You have obviously done quite a bit of research, and have given this a lot of thought. But, there is something that you are missing. The graphs that you posted are both taken from the SVS website. They show the basic shape
of the frequency response, and that is very helpful. But, what they don't show is the maximum output of the subwoofers, and that can also be important when you are comparing specific models and trying to determine how much output will be enough for you.
For instance, compare the measured output difference between the SB2000 and the PB2000, in the same review you referenced:
If you compare those numbers, you will see that the PB2000 has slightly more max output, at every frequency from 63Hz down, than the SB2000 has. Below 40Hz, that output difference becomes profound! Although there aren't any comparable measurements which would allow us to see max output numbers for the PB1000 and the SB1000, the output difference between the two, below about 40 or 50Hz, would be similar.
That is a fundamental characteristic of ported subs. They typically have more output, below about 50Hz, than comparable sealed subs, due to the larger cabinet volume and the ports which also move air to create bass sounds. At low-frequencies, room gain can help to make-up some of the low-frequency difference between sealed and ported subs. (Both benefit in the same way from room gain, but ported subs roll-off much faster below their port tunes.)
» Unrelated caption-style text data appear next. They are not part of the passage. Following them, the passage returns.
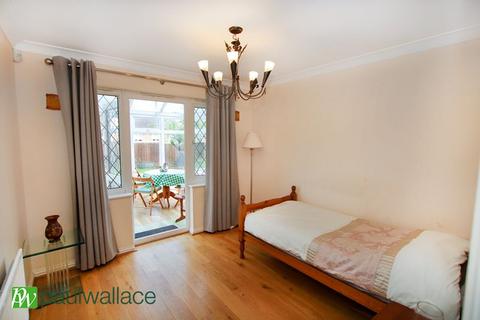 8 Everett Close, Cheshunt, Waltham Cross, EN7 6XD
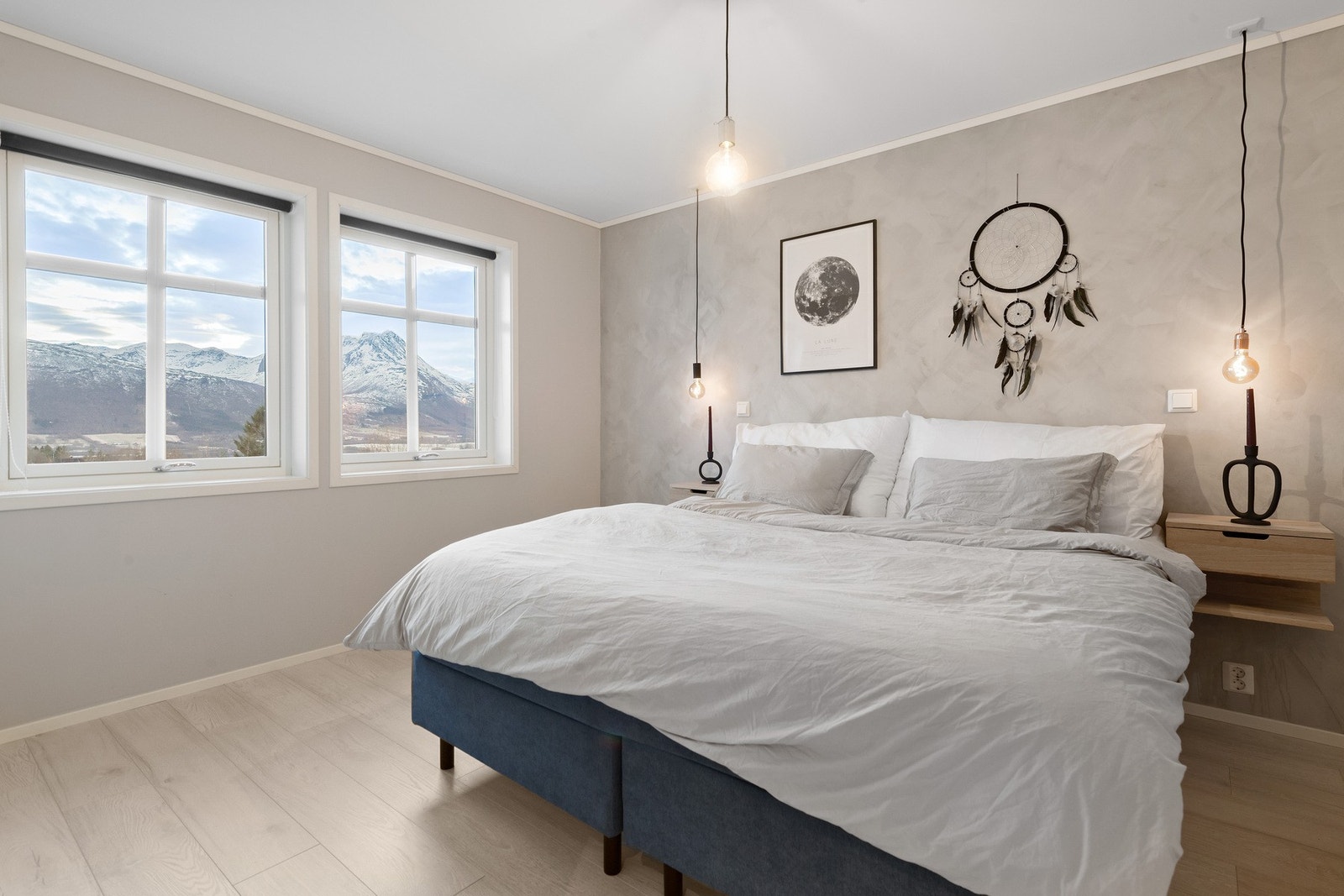 Hovedsoverom. Romslig med god utsikt. Galleribilde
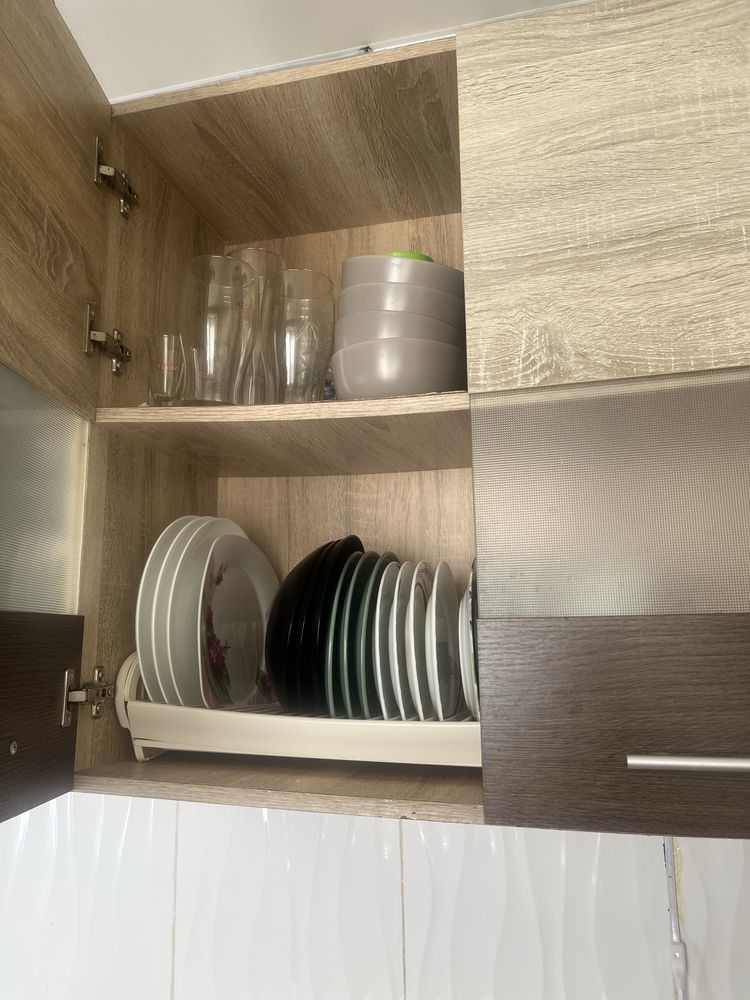Прокам угловую кухню с мойкой и печкой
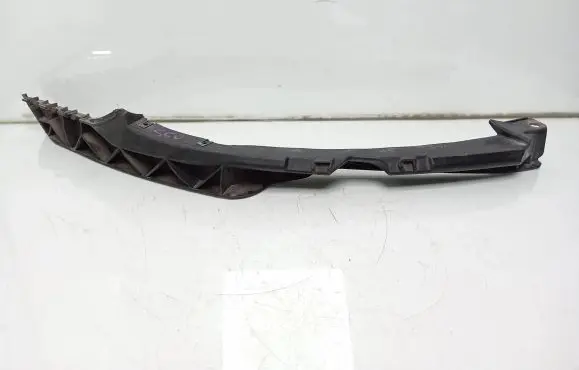 Skoda Octavia Mk2 (1Z) Front bumper mounting bracket 1Z0807184D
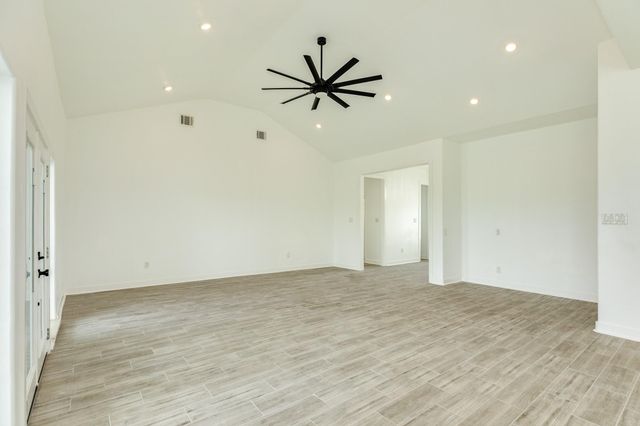 302 Colt Trail, Angleton, TX 77515
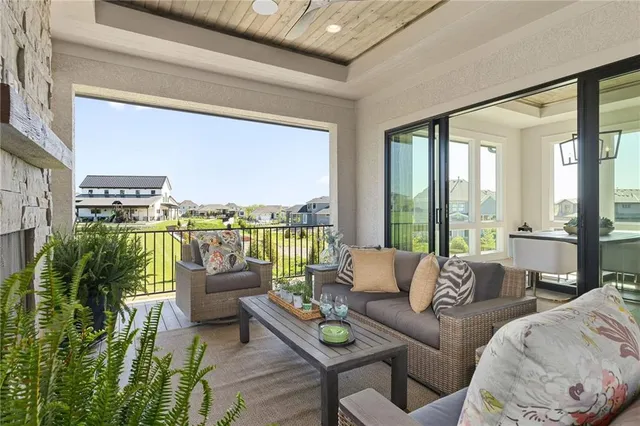 $2,200,000 | 13701 West Guilford Road, Leawood, KS 66224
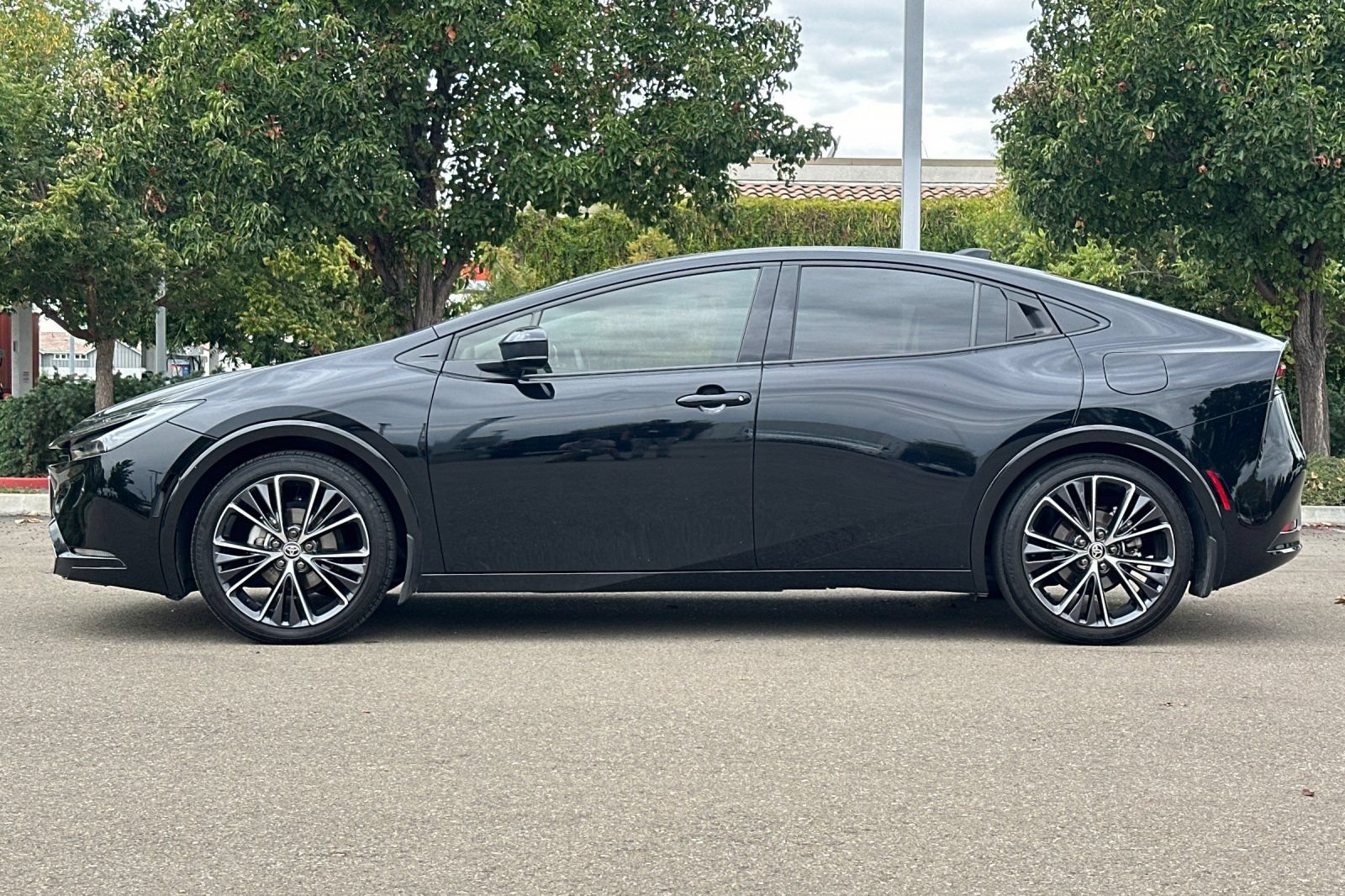 Used 2026 Toyota Prius LE FWD image 7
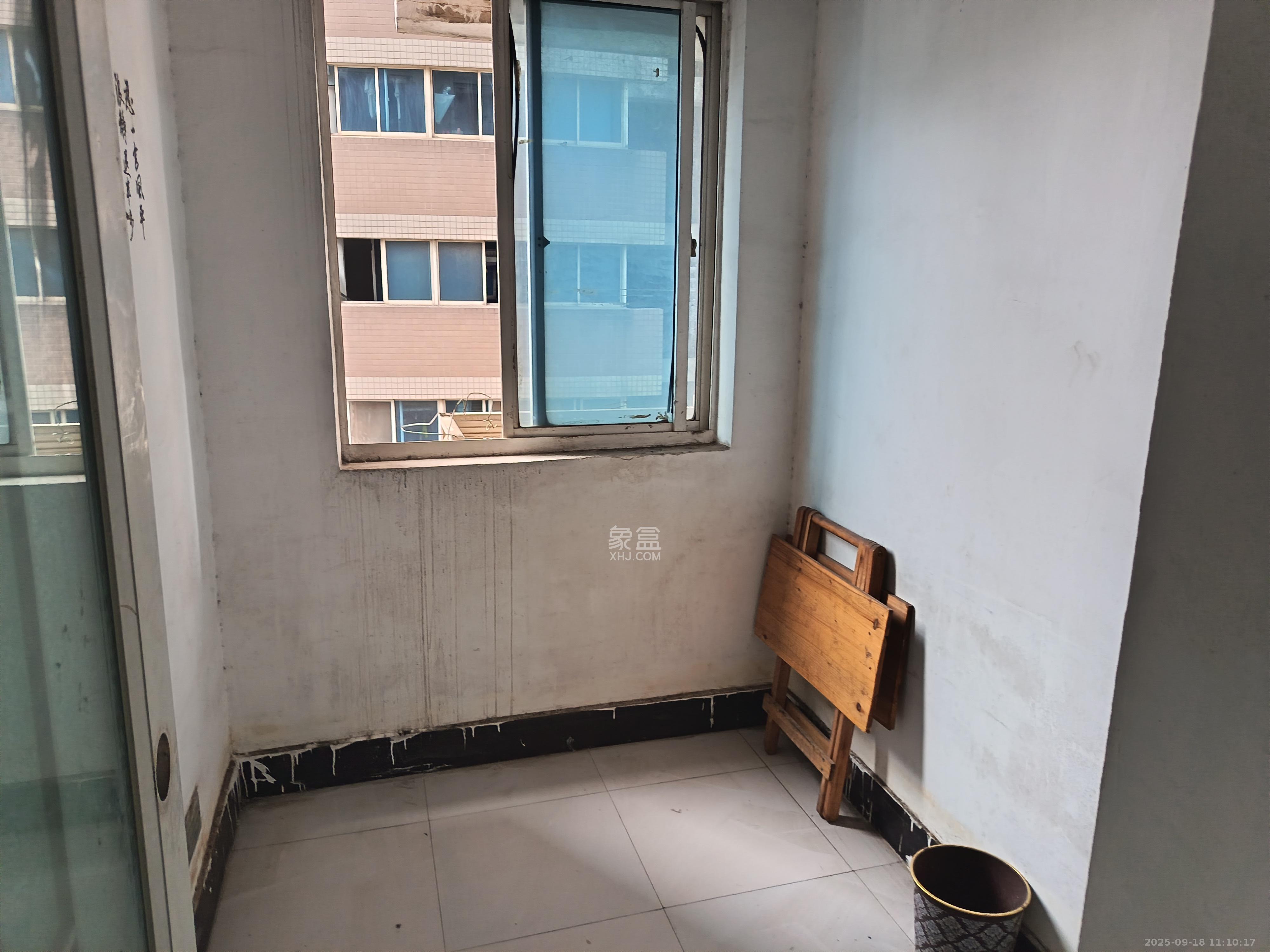 华海3C(天心电子世界)  3室1厅1卫    2000.0元/月室内图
My guess is that sealed SB2000's will give you just what you are looking for in a 1400^3 room, because you should be getting a lot
of room gain below 20Hz. But, that may depend somewhat on your overall listening level, and on how much additional bass you like to add to your overall volume level.
Ported subs also give you much more tactile response (TR) for low-frequencies--deep bass vibrations you can feel. That is due to the ports themselves, which move air, creating additional particle velocity. That can be a very good thing for people who are on concrete floors, because concrete laid on soil is relatively inert. But, on a suspended wood floor, ported subs (especially in a small room) can actually give some people excessive tactile ULF, because the floor itself resonates with <20Hz frequencies.
So, even in a very small room, some of this depends on your room construction, and some of it depends on your own listening habits and preferences. I think that for most people, dual SB2000's should be plenty! And, that's probably what I would recommend in the majority of cases.
But, if you are on concrete, and if you really want a lot
of low-bass SPL and TR, I would probably try to go with either the dual PB1000's or even the PB2000's. For many people, dual PB2000's would be way more than they need in a room that size. But, I have seen people who enjoy even more powerful ported subs than those in rooms that size.
I wish that I could be more helpful. But, if this were an easy question to answer, just based on room size, there wouldn't be so many threads like this one.